Want to share your content on R-bloggers? click here if you have a blog, or here if you don't.

I have learned a lot from my last RGolf post. Therefore today I have another problem from practice.

You have a data set on values of contracts signed by ten salesmen. It has three columns: person id (p), contract value (v) and time (t).
Here is the code that generates the test data set.

n <- 4000
y <- 10
set.seed(1)
d <- data.frame(p = sample(letters[1:y], n, rep=T),
v = runif(n),
t = sample(seq(as.Date(“2000-1-1”),
by=”day”, len=n)))

#   p          v          t
# 1 c 0.18776846 2001-05-28
# 2 d 0.50475902 2001-05-25
# 3 f 0.02728685 2008-07-06
# 4 j 0.49629785 2004-08-06
# 5 c 0.94735171 2007-10-31
# 6 i 0.38118213 2001-09-04

For each salesmen we want to find the 90-day period in which she generated the highest sum of sales.
The task is to generate a data frame that has three columns: person id (p), maximal sum of sales (v), start of the 90-day period (t) and save it to a variable named r.
In situations where there are multiple such 90-day periods you are to report the date of the earliest contract that was signed during such a period.

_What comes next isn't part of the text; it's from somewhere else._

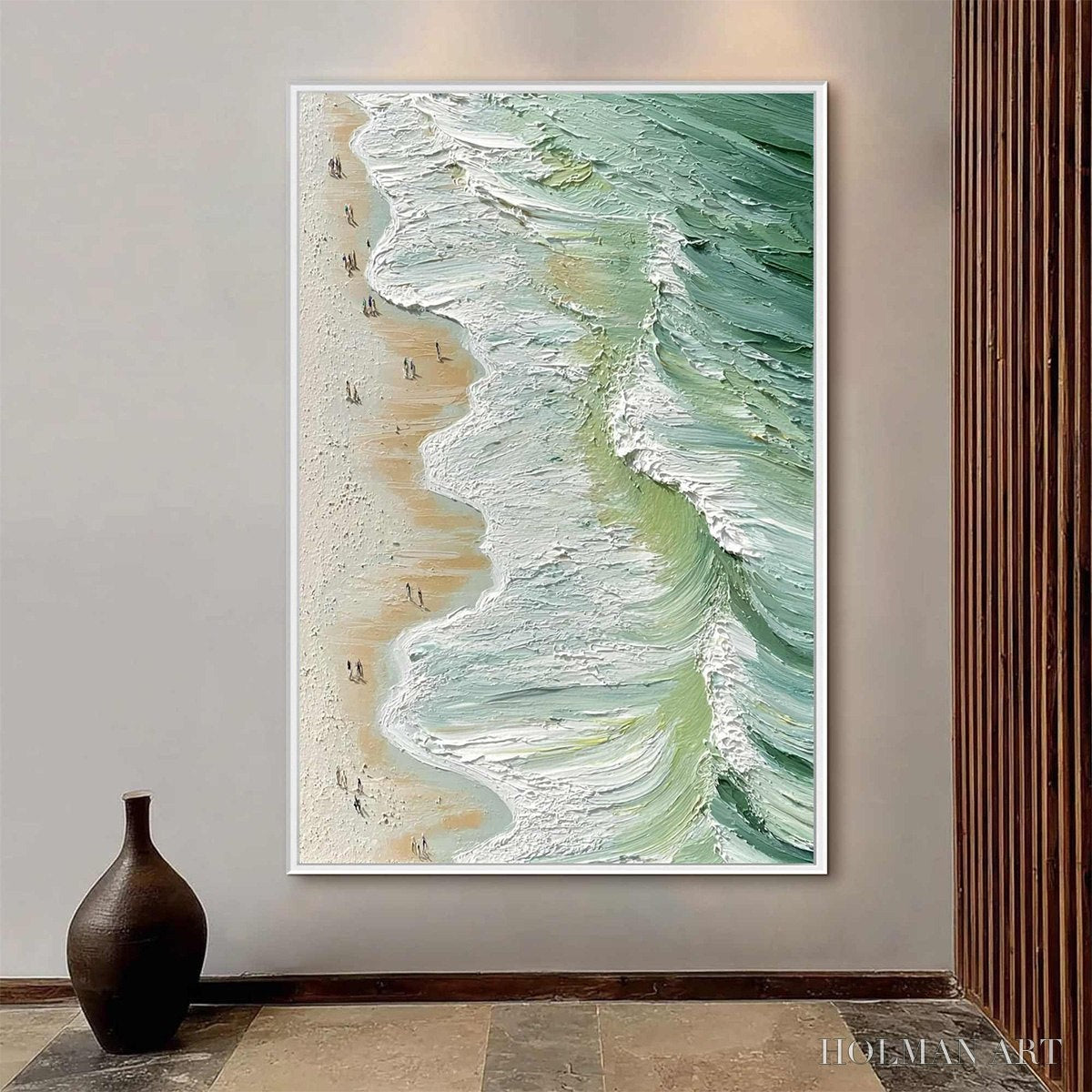 HOLMAN ART Seashore Serenade – Textured Impasto Beach Oil Painting - image 2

The rules of engagement are exactly as last time:
(1) generate data frame r as few keystrokes as possible,
(2) one line of code may not be longer than 80 characters,
(3) the solution must be in base R only (no package loading is allowed).

Here is my attempt consisting of 225 characters:

x=max(d\$t);m=matrix(0,x+89,y)
m[cbind(d\$t, d\$p)]=d\$v
s=sapply(1:x,function(z)
colSums(m[z+0:89,]))*t(m>0)[,1:x]
u=apply(s,1,function(z)c(max(z),which.max(z)))
r=data.frame(p=letters[1:y],v=u[1,],t=u[2,]+as.Date(“1970-01-01”))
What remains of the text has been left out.